| Assigned task |
Pictures stay out; everything else in the listing below is to be restated word for word.

| Given material |

****************************************

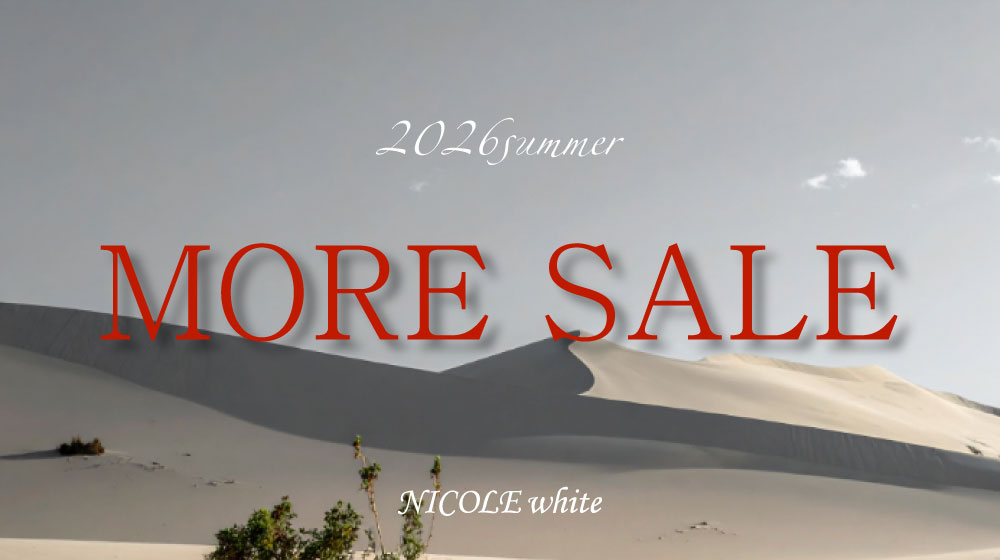【NW】 MORE SALE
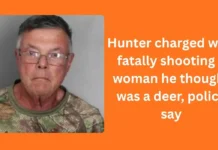 Hunter charged with fatally shooting a woman he thought was a deer, police say Hunter charged with fatally shooting a woman he thought was a deer, police say
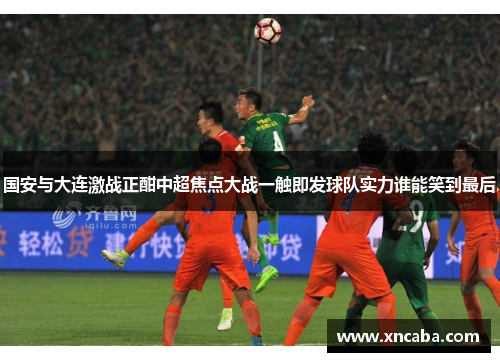 国安与大连激战正酣中超焦点大战一触即发球队实力谁能笑到最后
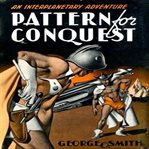 The Pattern of Conquest cover image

****************************************

| Output |
【NW】 MORE SALE
 Hunter charged with fatally shooting a woman he thought was a deer, police say Hunter charged with fatally shooting a woman he thought was a deer, police say
 国安与大连激战正酣中超焦点大战一触即发球队实力谁能笑到最后
 The Pattern of Conquest cover image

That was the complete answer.